The problem is that The Boys' fight scenes have not been genuinely inventive for quite some time. Increasingly, combat boils down to characters throwing one another across rooms, while the creative team compensates for the lack of visual imagination with shock value, bloody grotesquery and sexual absurdity. The retirement-home sequence, in which one elderly Supe uses his own sagging genitals as a weapon, perfectly encapsulates the show's current state. The series still wants to shock its audience, but viewers have long since become accustomed to this level of insanity. Ironically, the most emotionally resonant moments in the episode are not the violent ones, but the brief human interactions between its characters.

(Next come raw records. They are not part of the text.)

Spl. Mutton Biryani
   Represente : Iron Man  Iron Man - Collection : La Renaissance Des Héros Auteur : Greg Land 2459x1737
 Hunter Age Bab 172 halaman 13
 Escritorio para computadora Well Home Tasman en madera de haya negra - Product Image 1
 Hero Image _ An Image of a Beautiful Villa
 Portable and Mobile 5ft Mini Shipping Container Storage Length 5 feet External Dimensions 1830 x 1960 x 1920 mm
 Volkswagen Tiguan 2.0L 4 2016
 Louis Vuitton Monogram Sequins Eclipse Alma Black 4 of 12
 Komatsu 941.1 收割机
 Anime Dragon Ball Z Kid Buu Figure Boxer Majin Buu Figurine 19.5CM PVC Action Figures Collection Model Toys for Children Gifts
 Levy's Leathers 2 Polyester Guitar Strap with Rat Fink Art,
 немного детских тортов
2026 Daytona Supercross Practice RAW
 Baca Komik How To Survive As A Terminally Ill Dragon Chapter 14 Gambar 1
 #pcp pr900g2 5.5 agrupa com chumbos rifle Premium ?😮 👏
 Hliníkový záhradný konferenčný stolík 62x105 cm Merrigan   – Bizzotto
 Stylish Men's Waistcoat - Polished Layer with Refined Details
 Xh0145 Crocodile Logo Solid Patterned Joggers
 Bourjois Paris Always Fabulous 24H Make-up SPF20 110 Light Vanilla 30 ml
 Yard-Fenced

Episode six is simultaneously the season's most important instalment and the clearest illustration of its flaws. On paper, the stakes have never been higher: Homelander is now even more powerful, the virus no longer appears viable, Soldier Boy remains unpredictable, and The Boys have completely lost control of the situation. Yet the series increasingly resembles a story that does not know how to reach its own conclusion organically. The Boys remains capable of delivering strong scenes, sharp satire and effective emotional beats, but between those moments the fatigue of an overextended franchise becomes increasingly difficult to ignore. After years spent expanding its universe, the show now finds itself trapped between concluding its story and advertising the next chapter.
Final thoughts
The sixth episode's biggest problem does not lie in any individual plot decision but in the season's overall architecture. The Boys is attempting to function simultaneously as the conclusion of a story and as a launchpad for the next wave of franchise expansions. As a result, every major narrative development feels less like a resolution and more like a stopover on the way to another project. Even as the stakes objectively rise, the sense of closure never arrives.